My PhD supervisor was an elegant Hungarian who had grown up in the wreckage of the Austro-Hungarian Empire. He completed his advanced study by the late 1940’s and fled Hungary during the revolution. Arriving in Canada in 1957, he joined the faculty at Toronto. He was a terrific mentor and a lifelong friend, and in his brilliant, mirthful and compassionate way taught me high science, low cunning, philosophy, humour, and lots of European culture. Amongst the salad of cultural tidbits that he had salvaged from the rubble of the Kingdom of Hungary was a cynical little game about oral examination boards and favoritism, played by graduate students. It was called “The Archduke Game”.

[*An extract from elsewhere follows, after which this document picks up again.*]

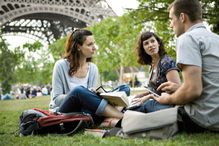 Group of people talking as they sit under the Eiffel Tower.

In the game, a small group were the Examining Committee, while another graduate student played the Archduke.  The Examining Committee was required to ask the Archduke an easy question, and task of the Archduke was to give the most outrageously wrong answer he could imagine. The Examiners were then required to explain to the audience and to the judges why that answer was actually correct, and even brilliant and especially perceptive, because it had exposed interesting alternate meanings of the question, or special circumstances, or little-know new knowledge. The judges then decided that either the Archduke had won, by making an answer nobody could polish, or that the Examiners had won by making a plausible argument for the peculiar answer.

A chilling variant of the Archduke game is now being played in earnest in the United States. The role of the Archduke is being played by President Trump, but the easy questions arise spontaneously from the normal daily events in the political milieu or are posed at press conferences. The explanatory task of the Examiners is being carried out by Sean Spicer, Paul Ryan, Kellyanne Conway, and a host of folk sympathetic to the President. The judges are variously the political classes, the electorate, and the world. No-one wants mayhem, so it is natural, sitting in front of a TV, to surmise that surely he meant something just slightly different, as we try, whether we agree with him or not, to impose a framework of rationality on the world about us.

And it is very likely that at least in some cases, he did mean something a bit different than how it came out. But the Archduke-style answers guarantee a lot of caprice and unpredictability. So dialogue in some quarters, including within the President’s camp, has turned to how to “manage” the President. To be fair, anyone carrying out the busiest job in the world probably needs some “management” to be effective.

But this time around the discussions about such managing have taken on disturbing tone, as Republicans discuss the difficulty/impossibility of giving the President bad news, or the likelihood of being fired if your advice or guidance doesn’t match some pre-existing and not fully rational prejudice. Discourse on how to stop the tweets or make him less inclined to lash out sound less like how to manage an overloaded senior government figure and more like how to manage a performing, semi-tame carnivore.

Imagine, if you will, the discourse of the handlers on a movie set trying to get set up to film the scene where they want their fairly tame grizzly bear to break into the cabin, while making sure he doesn’t eat the prospector inside. Walt Disney, where are you when we really need you.

Chuckle if you will, but the handling being discussed now sounds a lot like how to deal with a sentient creature for which you may have some sympathy, but which is clearly not a fully capable person. This is an unstable and dangerous state of affairs.

The Archduke game must end very soon, and there are only two routes from the game back to reality. Either the President must dramatically re-invent himself or he must go. His allies will be watching desperately for signs of the former in the next few weeks. If they don’t see those signs, their thoughts will start to drift to the latter.

Was the Riyadh speech a start on re-invention or just a blip on the graph? Today only the Archduke knows, but soon the Examiners will know, and then the judges will judge.